Supplied records>
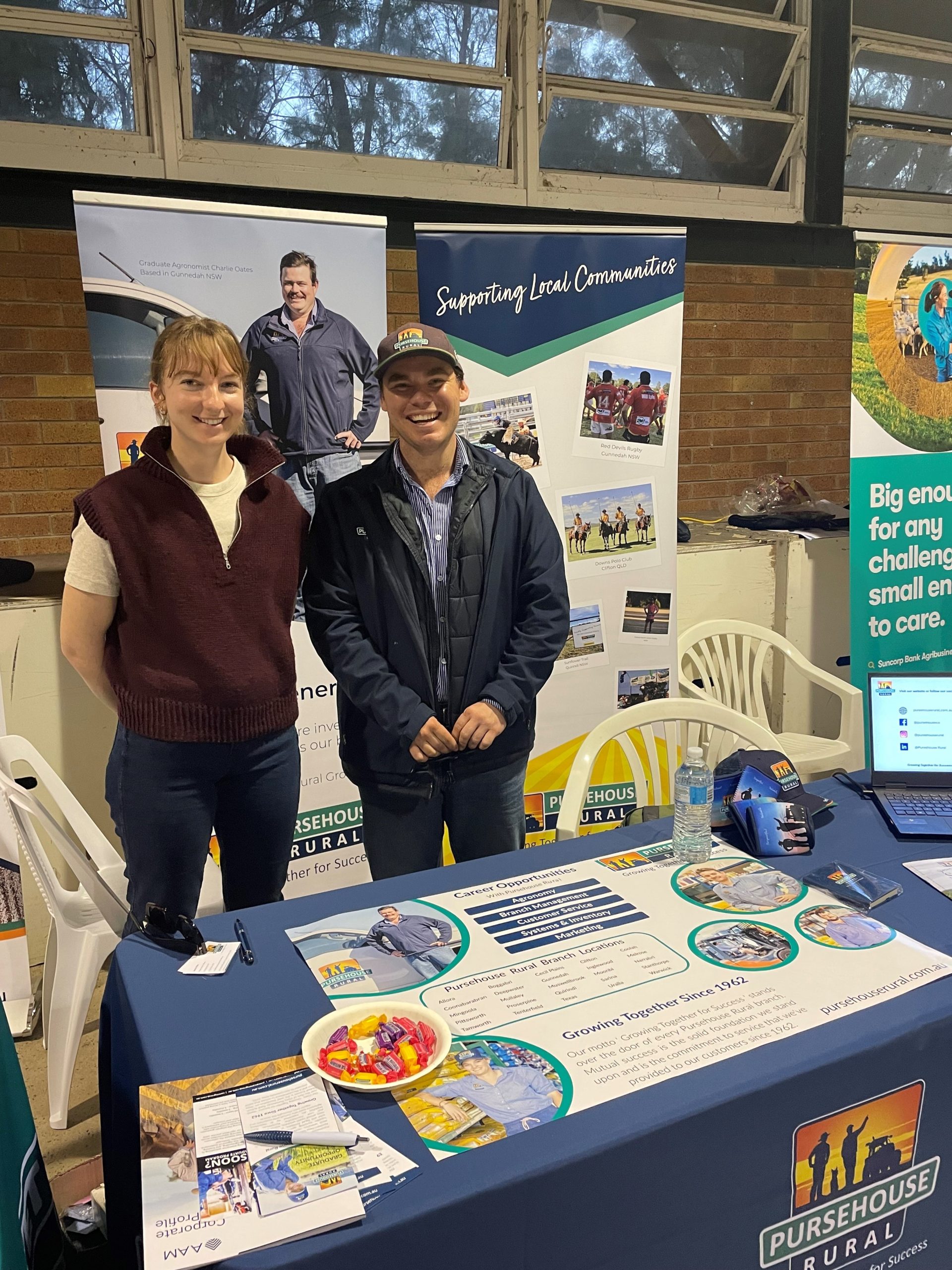 Pursehouse Rural employee with University Queensland student at Pursehouse Rural branded stand at agriculture event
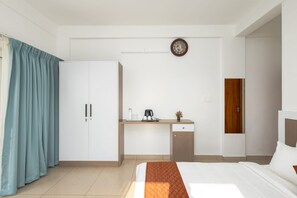 A hotel room with a bed, a desk with a coffee maker, a clock, and a wardrobe. - Nithara Hills Resort (Peermade)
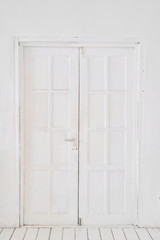 Old-style white wooden door. interior apartment. Wooden floor made of planks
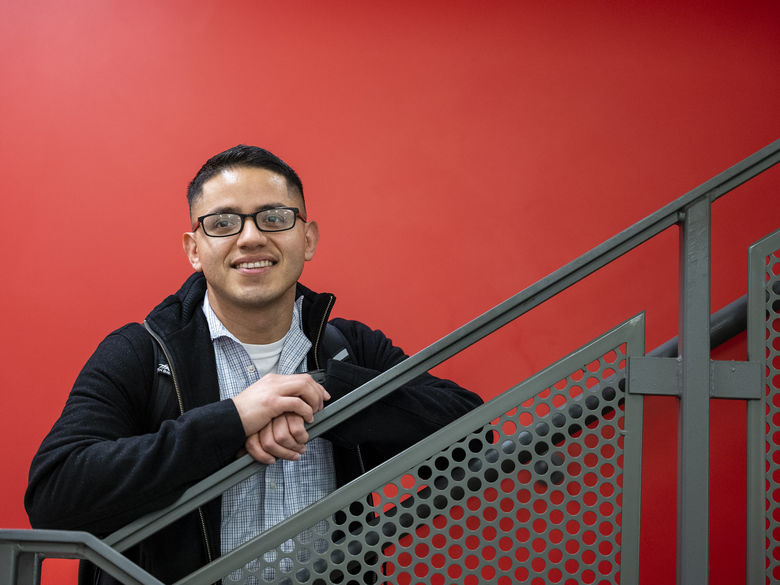 Adult learner standing on stairs in Gaige Building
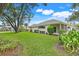 Back view of a home with verdant landscaping, trees and stop sign at 21226 Royal St Georges Ln, Leesburg, FL 34748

Problem> Begin at the first line of the entries above and return each line exactly, stopping after the line that contains "A hotel room". Pictures do not belong in the copy.

Your solution>
 Pursehouse Rural employee with University Queensland student at Pursehouse Rural branded stand at agriculture event
 A hotel room with a bed, a desk with a coffee maker, a clock, and a wardrobe. - Nithara Hills Resort (Peermade)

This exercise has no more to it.